Maxilla squat, without pecten galearis. Lacinial chaetae and appendix simple, tapering, undifferentiated.
Body setae quite long and perhaps numerous, up to one third segment width. Anterior parapods with all claws serrate apically. Posterior parapods simple, golden. Procercus twice as high as wide, somewhat darkened with strong upper lateral seta, fine lower seta, bearing 6-7 apical setae. Supra-anal setae strong and long. Anal tubules unseen.
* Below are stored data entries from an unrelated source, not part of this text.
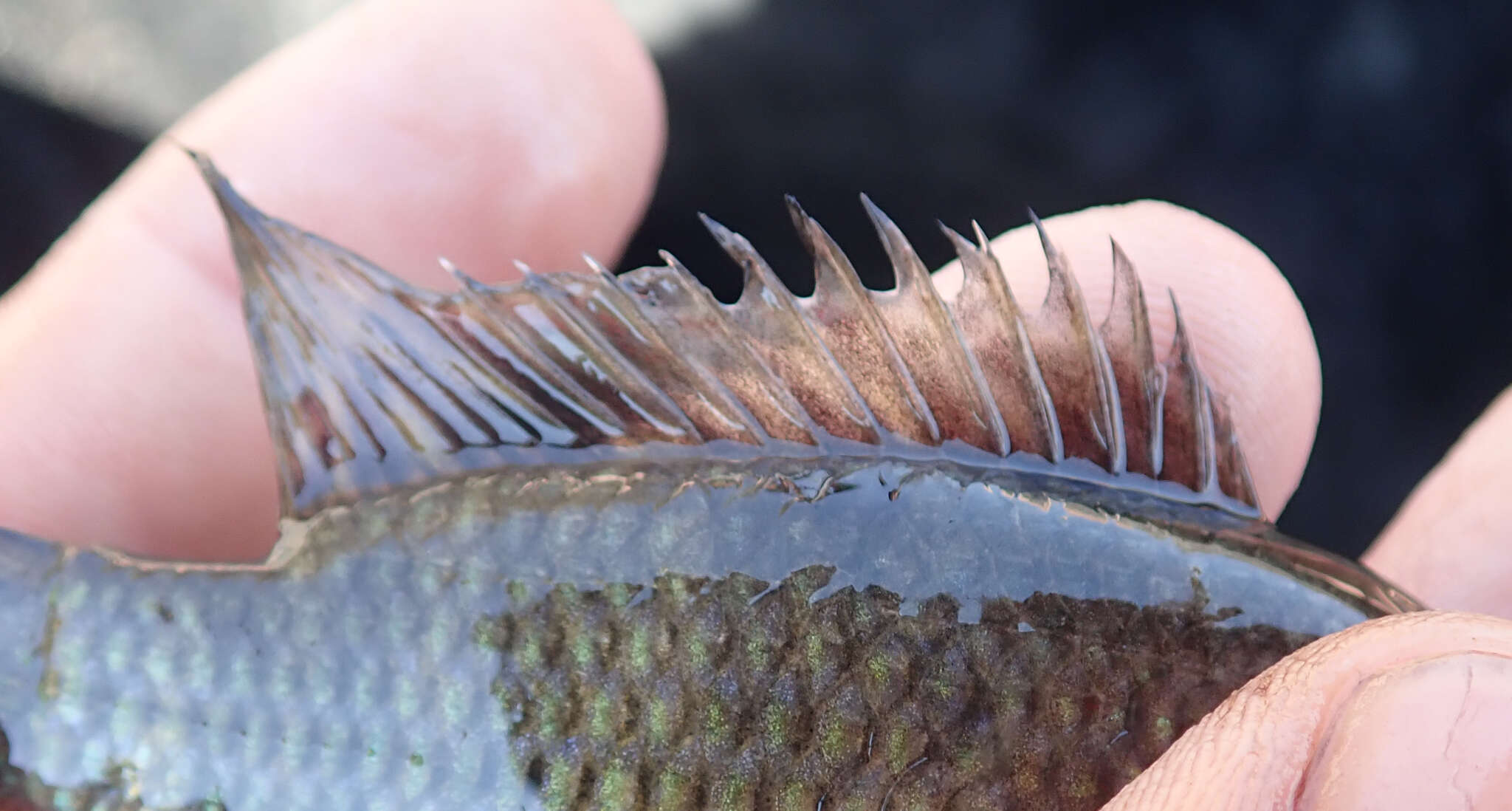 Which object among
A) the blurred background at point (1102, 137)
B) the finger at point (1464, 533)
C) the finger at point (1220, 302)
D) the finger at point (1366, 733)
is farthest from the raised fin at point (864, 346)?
the blurred background at point (1102, 137)

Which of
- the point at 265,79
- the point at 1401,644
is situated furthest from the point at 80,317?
the point at 1401,644

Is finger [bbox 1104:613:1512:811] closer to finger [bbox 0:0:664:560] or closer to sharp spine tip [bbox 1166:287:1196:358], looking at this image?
sharp spine tip [bbox 1166:287:1196:358]

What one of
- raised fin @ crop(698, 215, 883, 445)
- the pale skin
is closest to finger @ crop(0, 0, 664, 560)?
the pale skin

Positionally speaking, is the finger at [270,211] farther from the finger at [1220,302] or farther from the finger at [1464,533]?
the finger at [1464,533]

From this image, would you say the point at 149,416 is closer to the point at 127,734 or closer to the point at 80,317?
the point at 80,317

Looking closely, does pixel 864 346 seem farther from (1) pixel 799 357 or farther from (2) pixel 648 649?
(2) pixel 648 649

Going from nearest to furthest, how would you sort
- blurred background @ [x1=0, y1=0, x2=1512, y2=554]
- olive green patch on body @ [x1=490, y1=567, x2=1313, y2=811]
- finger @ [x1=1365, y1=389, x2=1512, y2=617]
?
olive green patch on body @ [x1=490, y1=567, x2=1313, y2=811], finger @ [x1=1365, y1=389, x2=1512, y2=617], blurred background @ [x1=0, y1=0, x2=1512, y2=554]

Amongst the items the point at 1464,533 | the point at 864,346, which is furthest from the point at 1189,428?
the point at 1464,533
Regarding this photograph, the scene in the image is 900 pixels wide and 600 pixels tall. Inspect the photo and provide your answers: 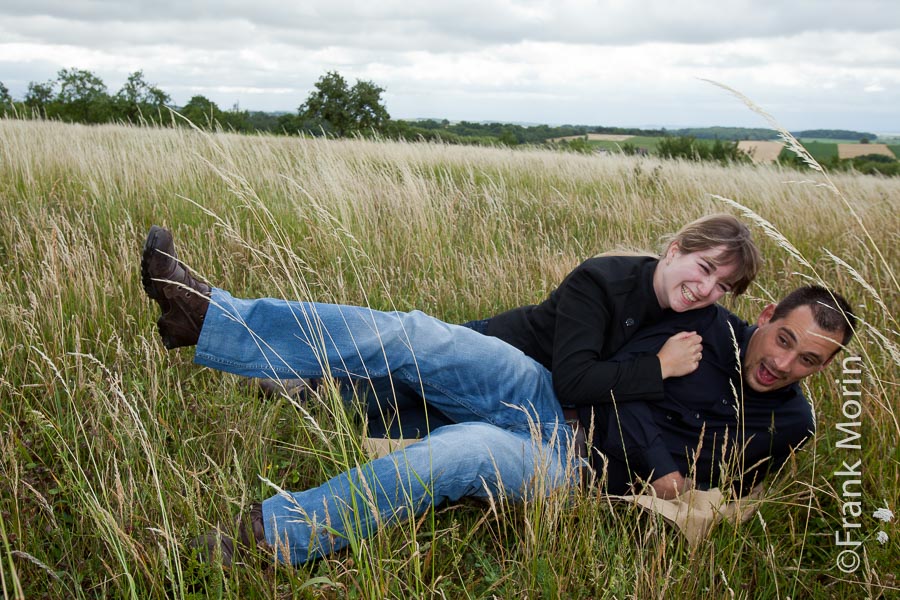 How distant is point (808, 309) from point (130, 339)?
9.33 ft

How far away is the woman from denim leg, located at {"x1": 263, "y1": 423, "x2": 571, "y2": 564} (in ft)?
1.57

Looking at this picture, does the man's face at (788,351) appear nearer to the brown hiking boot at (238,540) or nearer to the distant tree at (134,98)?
the brown hiking boot at (238,540)

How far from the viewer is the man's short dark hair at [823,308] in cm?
222

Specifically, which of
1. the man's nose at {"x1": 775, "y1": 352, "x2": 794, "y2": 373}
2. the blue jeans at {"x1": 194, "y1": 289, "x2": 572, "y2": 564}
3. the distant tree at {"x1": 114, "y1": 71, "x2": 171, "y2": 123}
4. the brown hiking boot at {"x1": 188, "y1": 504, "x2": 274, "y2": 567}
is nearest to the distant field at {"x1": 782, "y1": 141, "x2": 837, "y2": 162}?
the man's nose at {"x1": 775, "y1": 352, "x2": 794, "y2": 373}

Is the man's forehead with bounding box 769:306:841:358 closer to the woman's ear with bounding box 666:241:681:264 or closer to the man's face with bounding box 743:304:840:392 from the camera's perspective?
the man's face with bounding box 743:304:840:392

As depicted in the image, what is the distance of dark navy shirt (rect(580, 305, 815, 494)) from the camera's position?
229 cm

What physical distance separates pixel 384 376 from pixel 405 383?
0.09m

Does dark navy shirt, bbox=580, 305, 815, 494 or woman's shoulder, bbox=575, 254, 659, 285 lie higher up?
woman's shoulder, bbox=575, 254, 659, 285

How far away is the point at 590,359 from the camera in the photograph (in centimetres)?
236

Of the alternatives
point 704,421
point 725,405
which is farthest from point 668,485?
point 725,405

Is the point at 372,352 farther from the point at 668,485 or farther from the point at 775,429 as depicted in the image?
the point at 775,429

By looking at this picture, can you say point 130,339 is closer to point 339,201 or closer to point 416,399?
point 416,399

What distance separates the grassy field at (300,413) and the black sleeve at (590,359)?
0.38 meters

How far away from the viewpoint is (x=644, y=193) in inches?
260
Larval diagnosis is based on tentative larval association from New Zealand confirmed by similarity of CO, and by larval exuviae of reared specimens in Australia. In possessing a 5-6 segmented antenna with third segment much shorter than fourth segment and large Lauterborn organs, mandible with short apical tooth and four distinct inner teeth, and simple SI seta, larval Anzacladius most resemble Echinocladius. This Australian monotypic genus differs in the proportions of the antenna, having much larger Lauterborn organs, and notably in having a single domed median tooth to the mentum. Other larval taxa resembling Anzacladius either have a well-developed ventromental plate, beard, or bifid SI seta, or permutations of these: furthermore, none have the combination of posteriorly retracted setae submenti, widely separated genal cephalic setae S9 and S10, and 'ventral' pit in near dorsal location. The undescribed trans-Andean larva has five segmented antenna, large Lauterborn organs, SI seta simple, bifid median mental tooth and characteristic quite broad ventromental plates which curve medially to end just posterior to the conventionally placed seta submenti.
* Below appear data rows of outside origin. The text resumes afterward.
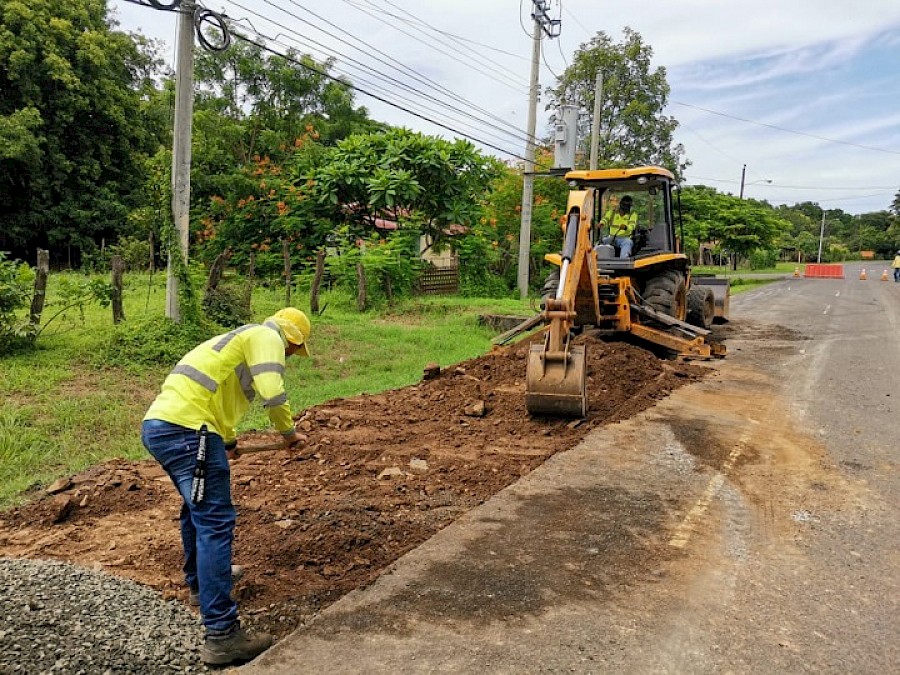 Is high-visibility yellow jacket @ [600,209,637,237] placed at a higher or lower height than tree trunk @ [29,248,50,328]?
higher

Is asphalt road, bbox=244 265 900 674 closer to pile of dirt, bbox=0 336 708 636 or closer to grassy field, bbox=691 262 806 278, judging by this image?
pile of dirt, bbox=0 336 708 636

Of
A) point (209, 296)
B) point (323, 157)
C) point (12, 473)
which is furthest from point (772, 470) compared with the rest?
point (323, 157)

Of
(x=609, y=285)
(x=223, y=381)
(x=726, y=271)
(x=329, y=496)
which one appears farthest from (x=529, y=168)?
(x=726, y=271)

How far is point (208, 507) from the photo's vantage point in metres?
3.34

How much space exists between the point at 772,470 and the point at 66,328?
887 centimetres

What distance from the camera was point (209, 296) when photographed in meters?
11.2

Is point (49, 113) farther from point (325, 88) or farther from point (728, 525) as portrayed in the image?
point (728, 525)

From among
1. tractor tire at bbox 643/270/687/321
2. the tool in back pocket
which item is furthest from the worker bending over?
tractor tire at bbox 643/270/687/321

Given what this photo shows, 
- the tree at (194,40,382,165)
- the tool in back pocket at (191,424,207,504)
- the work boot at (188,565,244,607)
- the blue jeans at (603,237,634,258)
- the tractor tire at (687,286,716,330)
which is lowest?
the work boot at (188,565,244,607)

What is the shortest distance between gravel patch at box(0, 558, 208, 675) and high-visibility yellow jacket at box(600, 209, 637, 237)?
876cm

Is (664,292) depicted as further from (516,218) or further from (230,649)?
(516,218)

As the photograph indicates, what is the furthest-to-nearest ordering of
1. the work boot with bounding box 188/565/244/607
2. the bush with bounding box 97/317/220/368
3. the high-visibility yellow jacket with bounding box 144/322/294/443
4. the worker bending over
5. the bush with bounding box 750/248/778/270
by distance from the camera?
the bush with bounding box 750/248/778/270 < the bush with bounding box 97/317/220/368 < the work boot with bounding box 188/565/244/607 < the high-visibility yellow jacket with bounding box 144/322/294/443 < the worker bending over

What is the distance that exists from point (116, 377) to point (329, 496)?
13.8ft

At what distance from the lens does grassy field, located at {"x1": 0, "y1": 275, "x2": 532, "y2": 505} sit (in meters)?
6.06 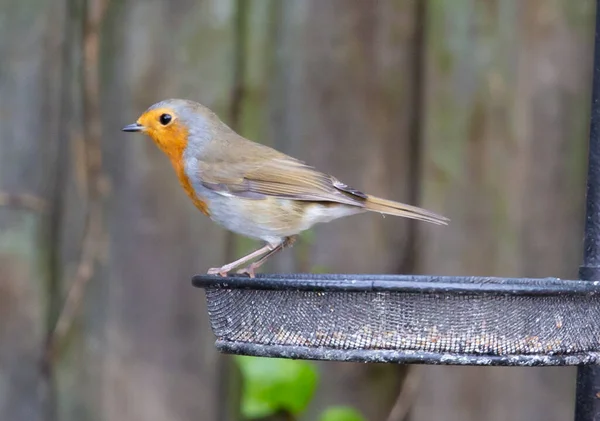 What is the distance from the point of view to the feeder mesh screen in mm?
1762

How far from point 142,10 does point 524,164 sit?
45.6 inches

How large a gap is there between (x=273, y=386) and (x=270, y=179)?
1.93 ft

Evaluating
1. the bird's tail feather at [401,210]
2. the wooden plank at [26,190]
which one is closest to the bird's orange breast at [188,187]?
the wooden plank at [26,190]

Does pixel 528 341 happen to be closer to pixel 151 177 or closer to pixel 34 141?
pixel 151 177

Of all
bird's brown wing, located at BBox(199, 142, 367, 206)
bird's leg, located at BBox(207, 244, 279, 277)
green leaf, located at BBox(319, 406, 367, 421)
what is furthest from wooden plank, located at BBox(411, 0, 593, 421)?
bird's leg, located at BBox(207, 244, 279, 277)

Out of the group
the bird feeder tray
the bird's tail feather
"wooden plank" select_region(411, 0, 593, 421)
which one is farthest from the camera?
"wooden plank" select_region(411, 0, 593, 421)

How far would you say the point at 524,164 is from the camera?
2693 millimetres

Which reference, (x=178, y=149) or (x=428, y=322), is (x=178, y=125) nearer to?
(x=178, y=149)

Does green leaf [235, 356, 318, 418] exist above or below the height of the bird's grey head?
below

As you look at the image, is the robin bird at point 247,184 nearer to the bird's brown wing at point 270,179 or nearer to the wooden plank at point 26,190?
the bird's brown wing at point 270,179

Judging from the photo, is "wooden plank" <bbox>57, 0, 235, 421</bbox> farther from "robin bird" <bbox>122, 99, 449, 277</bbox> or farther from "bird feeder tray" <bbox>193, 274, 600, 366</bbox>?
"bird feeder tray" <bbox>193, 274, 600, 366</bbox>

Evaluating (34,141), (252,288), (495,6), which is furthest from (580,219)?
(34,141)

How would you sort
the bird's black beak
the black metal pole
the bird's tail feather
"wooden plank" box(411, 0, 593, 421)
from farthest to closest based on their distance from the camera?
1. "wooden plank" box(411, 0, 593, 421)
2. the bird's black beak
3. the bird's tail feather
4. the black metal pole

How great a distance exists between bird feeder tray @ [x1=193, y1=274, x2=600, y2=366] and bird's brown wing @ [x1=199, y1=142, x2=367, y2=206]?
72cm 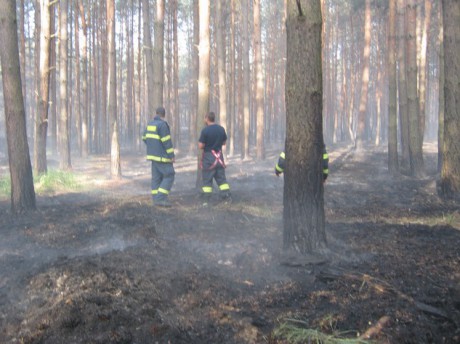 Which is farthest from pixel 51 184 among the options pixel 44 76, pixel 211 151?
pixel 211 151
At several sites in Australia and New Zealand, species of Anzacladius are common enough to assume that they form an important component of the lotic chironomid fauna. Although frequent in running waters, exuviae have been collected on the leeward shore of acid, dystrophic Lake Boomanjin on Fraser Island, and the somewhat similar Lake Como in Cooloola National Park. Many of the streams in Australia that support Anzacladius are sandy-bedded, and nutrient-poor. Anzacladius kangaroo larvae (as 'SO3') were found in sites 1-4 in the Clyde River, southern New South Wales, just upstream of estuarine conditions but absent from the most downstream, saline station and with environmental ordination showing association with salinity, pH and conductivity (Dimitriadis and Cranston, 2007).
On Kangaroo Island, South Australia, larvae of Anzacladius were found in running waters quite close to the ocean. In Western Australia larva of A. numbat were collected from permanent rivers of the south-west, which in the case of the Shannon River might be influenced by anthropogenic (dryland) salinity. In Lake Boomanjin (Fraser Island, Queensland) and Redback Stream (Barren Grounds, New South Wales) two species were present as exuviae at the same time. Although such an observation is quite common with speciose northern hemisphere genera, such as Eukiefferiella and Cricotopus, it is unusual among Australian orthocladiines. In New Zealand exuviae have been found likewise in lotic and lentic situations. Exuviae of A. kiwi have been collected from the shores of Lake Rotoiti (Nelson Lakes, South Island), and from high quality lotic habitats including Waipapa River, North Island, several streams around Nelson Lakes N.P., and together with larvae, the Hope, a tributary of the Buller, South Island. A single exuviae of a putative new species of Anzacladius (see above) was found in a first to second order un-named stream in Pukete Forest, northern North Island.